George’s sense of humor was infectious, and Sadie felt herself become calmer.
“You have an intelligent face. It’s not one I would forget. What brings you to this neighborhood?”
“I ran away from my home in the Golden Mile.”
“Do they have British accents up there now?”
“I lived in England for nine years. I’ve been here since the morning.”
“I’m surprised you didn’t have any run-ins before you met those women.”
“I hope I don’t run into them again.”
“Well, come over to my home for a cup of tea then.” George took off her top hat, twirled it on her finger, tucked it under her arm, and looked at Sadie.
“All right,” said Sadie.
“Wonderful!” George said with great enthusiasm. Sadie wondered if she was dead and this was an angel, because people were never so amenable.
Sadie was surprised when George led her to a large house on the corner of a street that was brightly illuminated by gaslights. It was one of the few stone houses in the neighborhood. It had gorgeous wooden moldings below the peaked roof that were covered in carvings of symmetrical flowers. It had clearly once been a fancy farmhouse before the ghetto had sprung up around it. From the music coming out the window, the sound of women’s laughter, and the men walking up and down the front stairs, Sadie deduced at once it was a brothel.
“I know the last thing you’re in the mood to see right now are whores. But don’t worry about it. These girls aren’t worried about competition. If anything, they would welcome the help. As soon as Madame began advertising the brothel as exclusive, business has been booming. Nobody has any idea what she means by exclusive, though. Is it the girls who are exclusive? I don’t think so. They show up at the door without shoes. Not ever even having had a bath in their lives.”
“Do you work here?
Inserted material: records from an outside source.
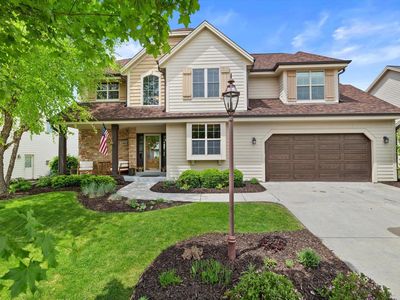 2106 Deer PATH, Waukesha, WI, 53189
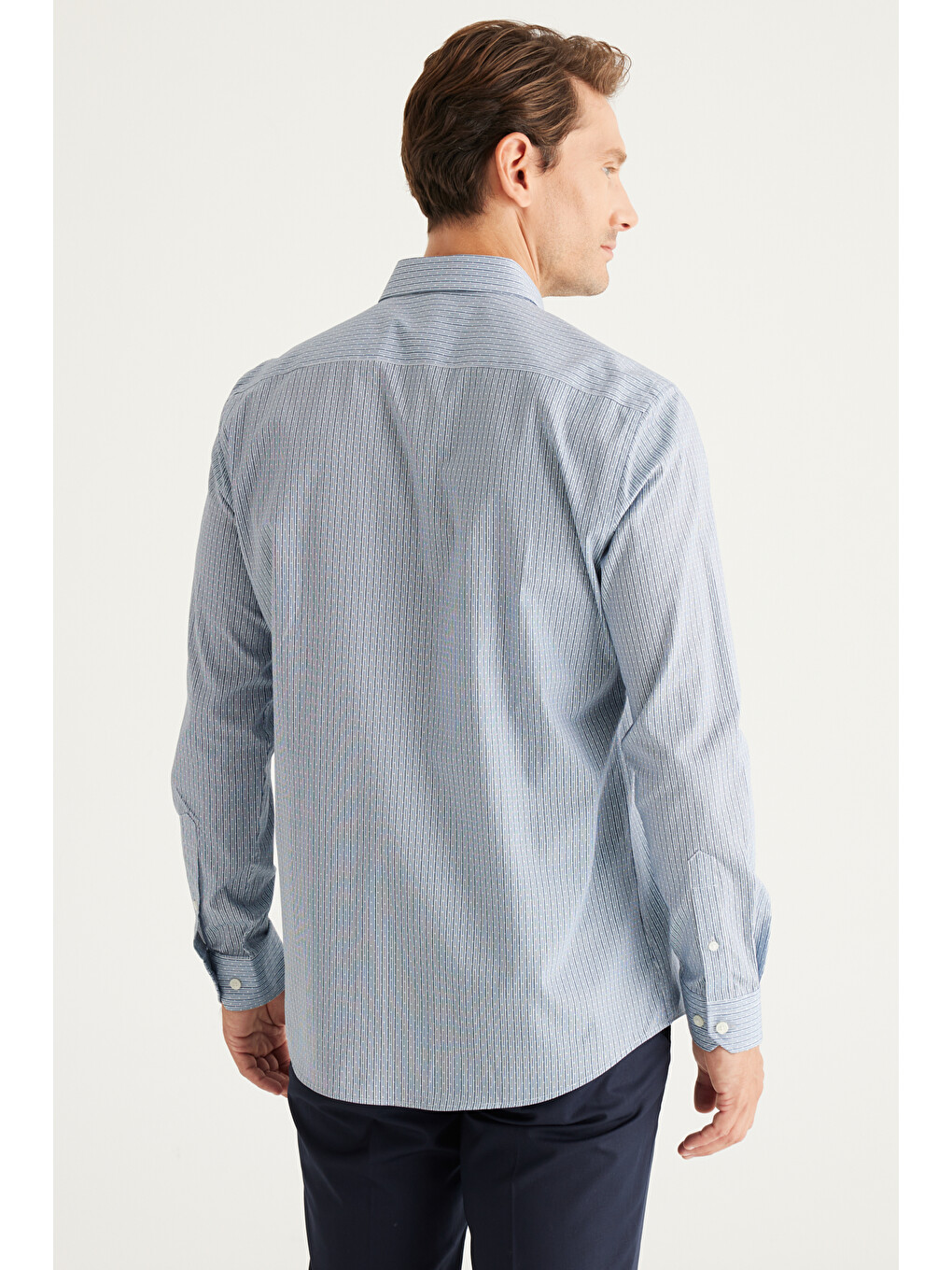 Erkek Beyaz-lacivert Slim Fit Dar Kesim Klasik Yaka %100 Pamuk Baskılı Gömlek-5
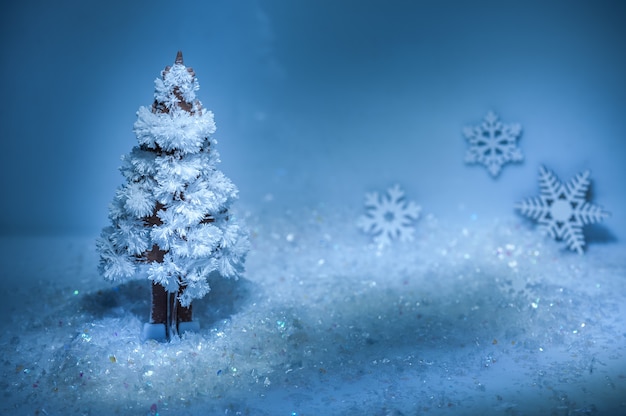 Kerstboom gemaakt van kristallen met sneeuwvlokken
Are you exclusive?”
“No.” George laughed. “But I’m certain I would be considered exclusive!”
George put her hand on Sadie’s back and led her away from the front of the building. Sadie reflected on how gentle George’s touch was. There was something naturally considerate about her. They entered through the back of the building. Sadie couldn’t make out much of what was going on in the brothel. They were in the servants’ quarters of the house. All she could make out was laughter and hysterical piano playing from the next room. George hurried her up a flight of stairs to a room in an attic, taking Sadie’s hand when she needed to step over a pile of porcelain washbasins that had been left on a landing.
It was evident that George had done her best to render her attic room cozy. There was an oval-shaped painting of a deer standing on its hind legs. There was a cigarette burn in the painting. Everything was slightly damaged. That was how it came to be moved up to the attic, out of sight. There was a red carpet that had a large black hole in the middle indicating it had survived some sort of fire. And there was a bed whose mattress seemed to have been slept in for a hundred years.